The important thing in this series, I think, is that the Knicks can actually match Boston's ability to close out games on both home and road courts with Melo- the Heat cannot close, the Bulls probably are too young to do so on the road, and the Magic/Hawks probably will never be in the position. The Melo as a closer factor is huge in this series because he gives New York the ability to steal a game that they get outplayed in at the death- an absolutely critical component of any upset.

On the defensive- eh hem!- side, the Knicks are probably just what Boston offense needed. Those matchups- particularly Melo on Rondo- look good on paper but in reality it would be a disaster for 44 minutes if Melo has to chase Rondo around the court. The Celtics just absolutely need to get a lead in these games, though, because those matchups DO scare me in the endgame where the Knicks might already have an edge with Melo, Amare, even 'Big Shot' Billups.

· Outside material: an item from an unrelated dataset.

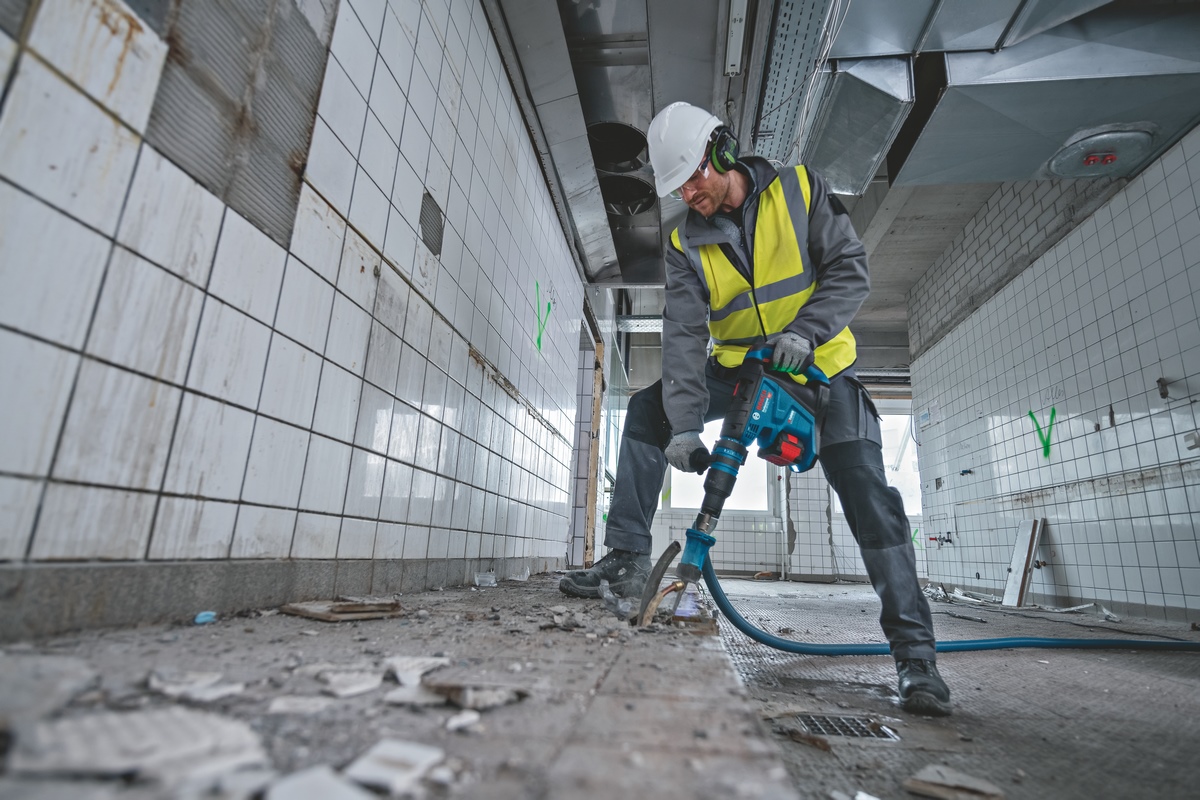 Bosch GBH 18V-40 C PROFESSIONAL cordless rotary hammer Biturbo with SDS MAX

The home court stuff- I think it might not help the Knicks as much. Remember how jacked the Celts were in that first game? The MSG crowd might be so good, it works to the detriment of the home team as it will lift the visitors. But what do I know? I do hope to see a game 6 in this series, at least, as that game will be massive.


Anonymous said...

A few thoughts,

- I too thought the rainout was a very good thing for the Sox. They were going to be swept no doubt.

- Excited for the Celtics/Knicks series. I don't think the Celtics have a long post season run in them but this should be a competitive and fun to watch series before they bow out in round 2 or 3 (should they actually beat the Knicks which I would say is 50-50)

PF- It would be hard to overstate how much the Perkins trade is being blown out of proportion here in Boston. Being that you lived in Maine for 4 years in college basically, you know how much traditional New England fans (like TC) like to overrate their own guys.

This is happening in Boston right now. In Kendrick Perkins, you have a 7 point 6 rebound guy that can't catch the ball and doesn't block shots.

Yet we hear things now like the C's can't win without him because he was great at defending the screen and roll, or because he was great friends with Rondo, or because he took the pressure off Garnett.

Was Perkins a good part of the chemistry here? No doubt. Do I think he helped Garnett be a fake tough guy by having his back in the paint? Yes.

But he just wasn't that good. To blame the demise of the Celtics on the KP trade is ridiculous. Right now he's being overrated here on a Tedy Bruschi/Mike Vrabel/Drew Bledsoe/Jacoby Ellsbury level and it's just dumb.


the gm at work said...


Good stuff. Tim, do you at least feel a little embarrassed being an OG Liverpool fan and now having your team pretty much embody the current undeniable problem with Red Sox corporate culture? As far as the pout factor goes, I think Bandi is extremely correct about the Perkins thing, but do those guys buy into it as well? Do they think he was great? Because it's also virtually undeniable that there's about 40% of the crying on the Celtics right now as there is on the Red Sox. And 5% of the Red Sox crying is still a lot of crying.